When Pressfield says, “start before you’re ready” he means you mustn’t wait before you have the whole plot for a novel, the whole idea for a painting or the whole story for a movie. When we are changing systems that serve the public, that means that none of these are excuses for not starting right now:
- not having the right team
- not having money
- it’s the wring time of year (e.g. budget time)
- “they” won’t let me
- I might fail / succeed
- I don’t know what do do first
- I don’t know enough about [insert favourite improvement fad e.g. lean / systems thinking / six sigma etc.]
No one who ever did anything worthwhile ever had enough permission or resources. And it was never the right time.

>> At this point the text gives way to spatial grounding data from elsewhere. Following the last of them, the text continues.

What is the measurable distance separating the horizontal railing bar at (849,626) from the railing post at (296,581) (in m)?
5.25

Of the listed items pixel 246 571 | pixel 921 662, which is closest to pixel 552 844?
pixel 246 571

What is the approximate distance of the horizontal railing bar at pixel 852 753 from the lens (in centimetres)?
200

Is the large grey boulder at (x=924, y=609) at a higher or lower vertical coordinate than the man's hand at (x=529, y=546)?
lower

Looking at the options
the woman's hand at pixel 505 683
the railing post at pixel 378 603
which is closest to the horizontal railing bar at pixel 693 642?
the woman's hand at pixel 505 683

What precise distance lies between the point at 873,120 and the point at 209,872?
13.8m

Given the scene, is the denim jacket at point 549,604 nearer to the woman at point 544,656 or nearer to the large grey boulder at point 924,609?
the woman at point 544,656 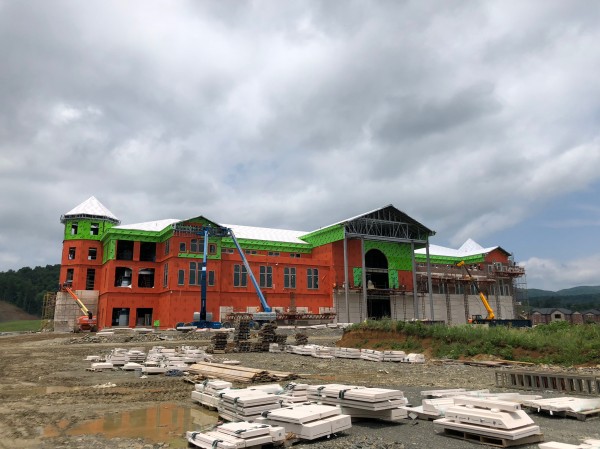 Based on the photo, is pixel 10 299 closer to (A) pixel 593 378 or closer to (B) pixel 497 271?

The thing to do when wanting to improve service to the customer is to ask, “What is important to the people I serve?”, then “What idea do I already have that I can test?” Then go and test it. Learn from it and implement what you learn.
Don’t wait for permission or more of anything. They won’t come.
There is something you can do now that will improve things and all you need to do is do it. Once the first one is done, the second comes much more easily.